It is required to access BW query via Xtract.  

and access to Salesforce 

Source

BW

BW query = QVBW_QRY_MVSDSO57_0002

Xtract job = TALEND_[ENV]_QVBW_QRY_MVSDSO57_0002

SFC (https://login.salesforce.com/services/Soap/u/52.0)

Condition that select from SFC

FROM  Case
WHERE CreatedDate >= 2020-01-01T00:00:00Z
and PO2_CASE_Organization__c='ECO'

Control variable to connect

  • l_LOCAL_Domain_Marketing_SF_USER
  • l_LOCAL_Domain_Marketing_SF_PASSWORD
  • l_LOCAL_Domain_Marketing_SF_TOKEN
  • l_LOCAL_Domain_Marketing_SF_endpoint

Format

columnar format

Destination

DataOcean

  • Bucket = cs-ew1-prj-data-dm-marketing-dev-staging/
    • TALEND_DEV_QVBW_QRY_MVSDSO57_0002
    • Case
  • DataOean GCP = prj-data-dm-marketing-[env]
  • STG Table names =
    • STG_BWH_0000_0000_F001_F_M_qvbw_qry_mvsdso57_0002

    • STG_SFC_0000_0000_F001_F_M_case
  • ODS Table names =
    • ODS_BWH_0000_F001_F_M_qvbw_qry_mvsdso57_0002 → V_ODS_BWH_0000_F001_F_M_qvbw_qry_mvsdso57_0002 → VB_BWH_no_of_delivery_orders

    • ODS_SFC_0000_F001_F_M_case → V_ODS_SFC_0000_F001_F_M_case → VB_sfc_case
  • DS_prj_industrial_dash
    • V_BWH_no_of_delivery_orders
    • V_sfc_case

Product

  • GCP = prj-data-industrial-dash-[env]
  • DataOcean
    • V_BWH_no_of_delivery_orders
    • DataOcean.V_sfc_case
  • DM
    • FACT_customer_complaints
  • DPL 
    • V_FACT_customer_complaints
    • V_BWH_no_of_delivery_orders
    • V_sfc_case

Format

columnar format

Sizing

  • STG_BWH_0000_0000_F001_F_M_qvbw_qry_mvsdso57_0002             around   52,200 records / month, Xtract job spend around 2 min / month maximum 6 months. 
  • STG_SFC_0000_0000_F001_F_M_case                                                   around  18,576 records

Assessment

Data same as BW query and SFC

Loading

1.1 Incremental Load

N/A

1.2 Full load

Delivery Source to ODS : F001_QVBW_QRY_MVSDSO57_0002_to_ODS (WS_DATA_OCEAN_DOMAIN_MARKETING)

It is kind of mix between full and incremental since we will load last 3 months on daily and full 2 years load for the full load on weekend, which control by

l_VAR_XTRACT_PARA_TALEND_QVBW_QRY_MVSDSO57_0002 = last3month, it will load last 3 months including current month on 0CALMONTH 

l_VAR_FULL_LOAD_WEEKDAY_QVBW_QRY_MVSDSO57_0002 = the day of the week (1 = Monday , 7 = Sunday) to do the full load.
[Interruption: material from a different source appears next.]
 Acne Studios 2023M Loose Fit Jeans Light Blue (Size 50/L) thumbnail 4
If we need to do the full load on Sat, this parameter should be 6.  

Case (number of complaint)  Source to ODS : F020_SFC_case_customer_complaint_to_ODS(WS_DATA_OCEAN_DOMAIN_MARKETING)

1.3. Reloading data

Delivery 

  • l_VAR_XTRACT_PARA_TALEND_QVBW_QRY_MVSDSO57_0002  = &YYYYMM_Start=202301&YYYYMM_End=202305.  Maximum should not over 6 months otherwise Xtract will be out of memory and run F001_QVBW_QRY_MVSDSO57_0002_to_ODS (WS_DATA_OCEAN_DOMAIN_MARKETING)
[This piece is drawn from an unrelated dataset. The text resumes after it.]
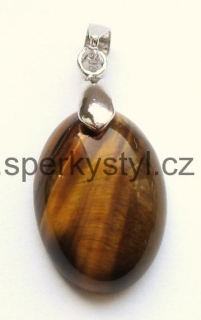 Elegantní stříbrný přívěsek s minerálem tygří oko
Note: maximum reload should not over than 7 months, it can cause Xtract out of memory

Case (number of complaint)

  • Just run the F020_case_customer_complaint_to_ODS (WS_DATA_OCEAN_DOMAIN_MARKETING) again.

FACT_customer_complaints 

  • Just run the F010_FACT_customer_complaints (WS_IND_DASHBOARD) again. 

1.4 Plan to schedule

It is scheduled by plans below on WS_IND_DASH

  • PL_IND_DASH_customer_complaint     Monthly on 1st at 05:00 CET

This plan will load on both Marketing and Indus dashboard for customer complaints

1.5 Timing

Delivery 10 minutes from source to ODS (current month)
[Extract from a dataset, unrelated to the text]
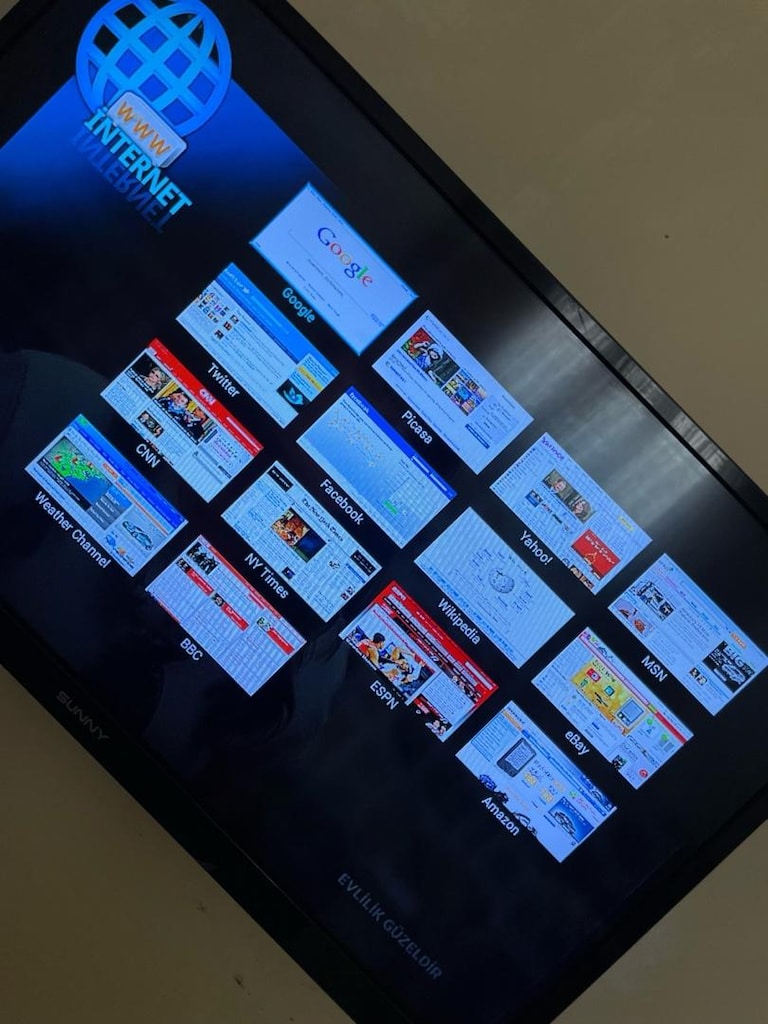 82 ekran Android TV internet YouTube wifi mevcut sorunsuz - 6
Case 3- 10 minutes from source to ODS (full)

Criticality

Low?

Logging

Check the loading records on prj-data-dm-marketing-[dev]

select job.job_name , job.meta_start_date , job.meta_execution_id , logs.meta_run_id , logs.meta_source_system , logs.meta_step , logs.meta_status , logs.meta_num_lines , logs.meta_error_lines from STG.log_tables logs join STG.run_jobs job on logs.meta_run_id = job.meta_run_id
where   logs.meta_run_id in ( SELECT meta_run_id FROM STG.run_jobs order by meta_start_date desc limit 1000 )
and job_name in ( 'F001_QVBW_QRY_MVSDSO57_0002_to_ODS_MAIN','F001_QVBW_QRY_MVSDSO57_0002_to_ODS' , 'F020_SFC_case_customer_complaint_to_ODS' )
and meta_start_date >   DATE_SUB ( CURRENT_TIMESTAMP () , INTERVAL 1   DAY )
order by job.meta_start_date desc